Early Childhood Education educators face a difficult challenge in a field of education that is always changing: they have to foster an environment that promotes unstructured but intentional exploration. The most effective educators carefully consider each child’s individual gifts and create individualized, experiential learning opportunities that pique students’ innate curiosity.
We asked Charlene Kaplan, a lead faculty member in Concordia University-Portland’s Masterof Education program, to talk about how educators can create plans to accomplish this. Charlene Kaplan teaches seventh-grade students core literacy classes in addition to her job at Concordia.
She is a certified administrator of the MELA-O test for English language learners and has over 30 years of experience in the teaching profession. Early Childhood Education
In what ways do you need to modify your teaching methods to better reach young learners?
Allowing young children to freely explore with materials is a crucial change that early childhood education (ECE) teachers must implement. Young children can practice and develop their critical thinking abilities when they are given the opportunity to play with materials in a trial-and-error manner.
Young children’s teachers need to reconsider their methods in order to steer clear of the direct instruction that is typically saved for older pupils. Early Childhood Education
Creating intentional play opportunities to master state, federal, and program standards would be another change. The materials available for exploration are actually selected to meet specific learning standards and develop specific skills, despite the play’s seeming freedom and randomness.
How does teaching practice change depending on the student demographics?
Teachers must always meet children where they are, whether they are in early childhood education or higher education. To put it another way, educators need to be aware of the abilities—or lack thereof—that students bring to class and start building from there.

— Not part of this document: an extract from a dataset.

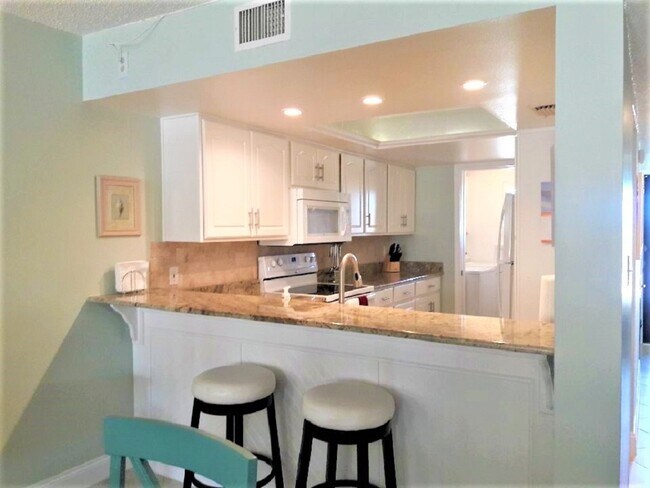 Photo - 8494 Ridgewood Ave Unidad 4304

As the number of students whose first language is not English continues to rise, educators must incorporate multicultural units and resources into their curricula to make sure that every child feels respected, safe, and connected. Early Childhood Education
Astute early childhood educators frequently employ matchmaking strategies, which involve matching a child who speaks English well with a non-fluent speaker in a play scenario. After that, the fluent speaker would act as a nonthreatening role model for the English language learner, possibly imparting some vocabulary required.

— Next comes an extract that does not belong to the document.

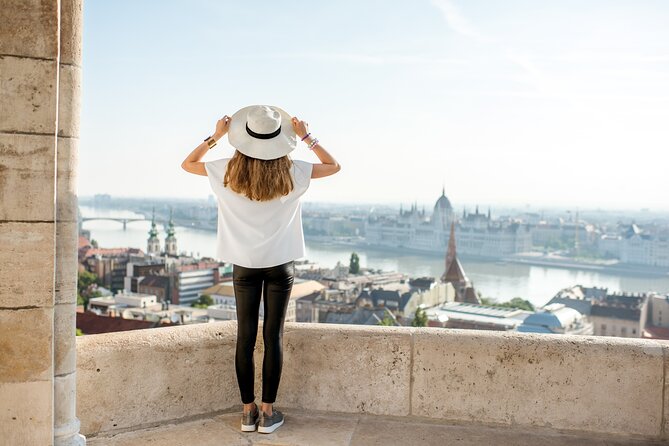 Budapest Photoshoot Experience - Timing: Why Booking Around 17 Days Ahead Can Help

How do you teach hands-on activities in an online format?
Teachers can create a playful learning environment in the classroom with a little preparation. Children can acquire specialized skills that meet standards in a very efficient manner by attending learning centers.

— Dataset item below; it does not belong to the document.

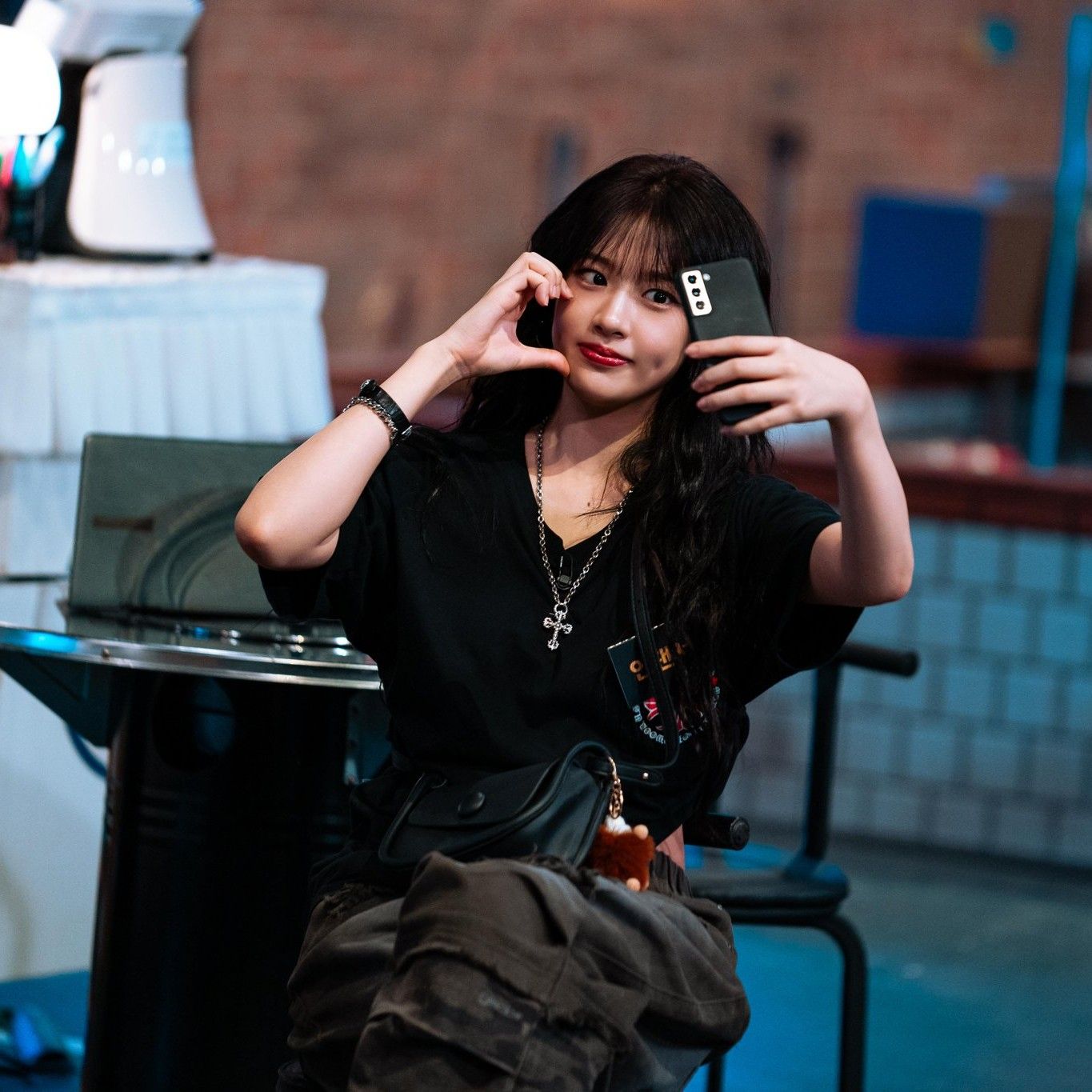 A moment captured by An Yujin (IVE)'s fan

Children learn to count items for sale, identify coin denominations, write out simple grocery lists, match vocabulary words with items, comprehend various jobs held in grocery stores, and role-play, for example, in a typical grocery store center in an ECE setting. Many early childhood standards are met by all of those abilities.
While it can be difficult, teaching practical exercises online is not impossible. Sharing practical hands-on activities can be accomplished through the use of pictures, sketches, anecdotes, and detailed lesson plans.
What are the biggest challenges ECE teachers face today?
The lack of support that ECE teachers in public school districts face when attempting to provide their students with more than a few minutes of free play each day is one of the largest obstacles they face. Play is frequently dismissed as unnecessary
and frivolous in this standards-driven educational environment in order to make more time for academic pursuits. When attempting to convince administrators that play is one of the most important aspects of early childhood education, ECE teachers frequently encounter resistance.
The parents and guardians of young children present another difficulty for ECE teachers. Parents who want their kids to be high achievers in this cutthroat age feel that academics should be the primary focus.